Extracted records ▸
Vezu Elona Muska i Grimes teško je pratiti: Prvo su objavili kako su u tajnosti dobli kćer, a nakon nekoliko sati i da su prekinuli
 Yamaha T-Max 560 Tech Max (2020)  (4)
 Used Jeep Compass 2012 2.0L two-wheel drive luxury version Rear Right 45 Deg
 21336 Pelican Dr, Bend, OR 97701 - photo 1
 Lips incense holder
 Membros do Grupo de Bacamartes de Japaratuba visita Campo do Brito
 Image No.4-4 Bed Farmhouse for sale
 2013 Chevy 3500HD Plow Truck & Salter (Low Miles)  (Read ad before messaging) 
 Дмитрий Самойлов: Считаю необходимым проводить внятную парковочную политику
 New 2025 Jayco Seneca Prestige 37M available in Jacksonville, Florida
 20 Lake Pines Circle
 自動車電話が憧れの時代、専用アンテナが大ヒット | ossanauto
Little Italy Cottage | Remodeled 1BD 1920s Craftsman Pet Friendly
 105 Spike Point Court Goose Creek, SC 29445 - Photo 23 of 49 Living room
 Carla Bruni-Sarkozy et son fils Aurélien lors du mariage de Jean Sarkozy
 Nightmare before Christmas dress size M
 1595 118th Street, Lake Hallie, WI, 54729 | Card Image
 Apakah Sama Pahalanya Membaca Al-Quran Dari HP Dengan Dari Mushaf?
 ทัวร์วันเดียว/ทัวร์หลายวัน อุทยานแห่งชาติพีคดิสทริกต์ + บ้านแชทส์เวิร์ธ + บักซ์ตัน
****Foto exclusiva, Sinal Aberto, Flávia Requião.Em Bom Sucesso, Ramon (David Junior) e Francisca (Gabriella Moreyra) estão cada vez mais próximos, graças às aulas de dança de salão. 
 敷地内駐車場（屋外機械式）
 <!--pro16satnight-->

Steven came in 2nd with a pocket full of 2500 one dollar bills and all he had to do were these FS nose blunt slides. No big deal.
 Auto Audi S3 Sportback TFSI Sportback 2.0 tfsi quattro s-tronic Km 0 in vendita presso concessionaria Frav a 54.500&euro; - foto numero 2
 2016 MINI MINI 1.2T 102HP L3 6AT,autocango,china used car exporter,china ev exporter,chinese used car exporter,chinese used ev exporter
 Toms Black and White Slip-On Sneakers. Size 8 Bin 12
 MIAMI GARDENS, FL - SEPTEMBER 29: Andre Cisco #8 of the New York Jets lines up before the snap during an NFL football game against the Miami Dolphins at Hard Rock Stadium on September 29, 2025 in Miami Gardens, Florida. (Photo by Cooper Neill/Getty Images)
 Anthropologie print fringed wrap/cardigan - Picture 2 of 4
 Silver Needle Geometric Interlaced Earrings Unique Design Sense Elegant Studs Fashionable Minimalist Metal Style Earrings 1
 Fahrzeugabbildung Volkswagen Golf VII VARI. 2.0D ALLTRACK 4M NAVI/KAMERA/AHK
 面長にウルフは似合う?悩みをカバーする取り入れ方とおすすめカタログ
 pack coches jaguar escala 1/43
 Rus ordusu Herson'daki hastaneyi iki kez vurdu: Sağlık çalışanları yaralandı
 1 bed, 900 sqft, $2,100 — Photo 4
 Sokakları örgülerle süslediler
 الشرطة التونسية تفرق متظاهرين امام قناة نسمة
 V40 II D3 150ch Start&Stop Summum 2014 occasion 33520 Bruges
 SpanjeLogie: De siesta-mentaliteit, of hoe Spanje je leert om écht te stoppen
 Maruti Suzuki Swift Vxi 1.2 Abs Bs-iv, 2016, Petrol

Exercise directions ▸ Reproduce every record exactly, line by line.

Response below ▸
Vezu Elona Muska i Grimes teško je pratiti: Prvo su objavili kako su u tajnosti dobli kćer, a nakon nekoliko sati i da su prekinuli
 Yamaha T-Max 560 Tech Max (2020)  (4)
 Used Jeep Compass 2012 2.0L two-wheel drive luxury version Rear Right 45 Deg
 21336 Pelican Dr, Bend, OR 97701 - photo 1
 Lips incense holder
 Membros do Grupo de Bacamartes de Japaratuba visita Campo do Brito
 Image No.4-4 Bed Farmhouse for sale
 2013 Chevy 3500HD Plow Truck & Salter (Low Miles)  (Read ad before messaging) 
 Дмитрий Самойлов: Считаю необходимым проводить внятную парковочную политику
 New 2025 Jayco Seneca Prestige 37M available in Jacksonville, Florida
 20 Lake Pines Circle
 自動車電話が憧れの時代、専用アンテナが大ヒット | ossanauto
Little Italy Cottage | Remodeled 1BD 1920s Craftsman Pet Friendly
 105 Spike Point Court Goose Creek, SC 29445 - Photo 23 of 49 Living room
 Carla Bruni-Sarkozy et son fils Aurélien lors du mariage de Jean Sarkozy
 Nightmare before Christmas dress size M
 1595 118th Street, Lake Hallie, WI, 54729 | Card Image
 Apakah Sama Pahalanya Membaca Al-Quran Dari HP Dengan Dari Mushaf?
 ทัวร์วันเดียว/ทัวร์หลายวัน อุทยานแห่งชาติพีคดิสทริกต์ + บ้านแชทส์เวิร์ธ + บักซ์ตัน
****Foto exclusiva, Sinal Aberto, Flávia Requião.Em Bom Sucesso, Ramon (David Junior) e Francisca (Gabriella Moreyra) estão cada vez mais próximos, graças às aulas de dança de salão. 
 敷地内駐車場（屋外機械式）
 <!--pro16satnight-->

Steven came in 2nd with a pocket full of 2500 one dollar bills and all he had to do were these FS nose blunt slides. No big deal.
 Auto Audi S3 Sportback TFSI Sportback 2.0 tfsi quattro s-tronic Km 0 in vendita presso concessionaria Frav a 54.500&euro; - foto numero 2
 2016 MINI MINI 1.2T 102HP L3 6AT,autocango,china used car exporter,china ev exporter,chinese used car exporter,chinese used ev exporter
 Toms Black and White Slip-On Sneakers. Size 8 Bin 12
 MIAMI GARDENS, FL - SEPTEMBER 29: Andre Cisco #8 of the New York Jets lines up before the snap during an NFL football game against the Miami Dolphins at Hard Rock Stadium on September 29, 2025 in Miami Gardens, Florida. (Photo by Cooper Neill/Getty Images)
 Anthropologie print fringed wrap/cardigan - Picture 2 of 4
 Silver Needle Geometric Interlaced Earrings Unique Design Sense Elegant Studs Fashionable Minimalist Metal Style Earrings 1
 Fahrzeugabbildung Volkswagen Golf VII VARI. 2.0D ALLTRACK 4M NAVI/KAMERA/AHK
 面長にウルフは似合う?悩みをカバーする取り入れ方とおすすめカタログ
 pack coches jaguar escala 1/43
 Rus ordusu Herson'daki hastaneyi iki kez vurdu: Sağlık çalışanları yaralandı
 1 bed, 900 sqft, $2,100 — Photo 4
 Sokakları örgülerle süslediler
 الشرطة التونسية تفرق متظاهرين امام قناة نسمة
 V40 II D3 150ch Start&Stop Summum 2014 occasion 33520 Bruges
 SpanjeLogie: De siesta-mentaliteit, of hoe Spanje je leert om écht te stoppen
 Maruti Suzuki Swift Vxi 1.2 Abs Bs-iv, 2016, Petrol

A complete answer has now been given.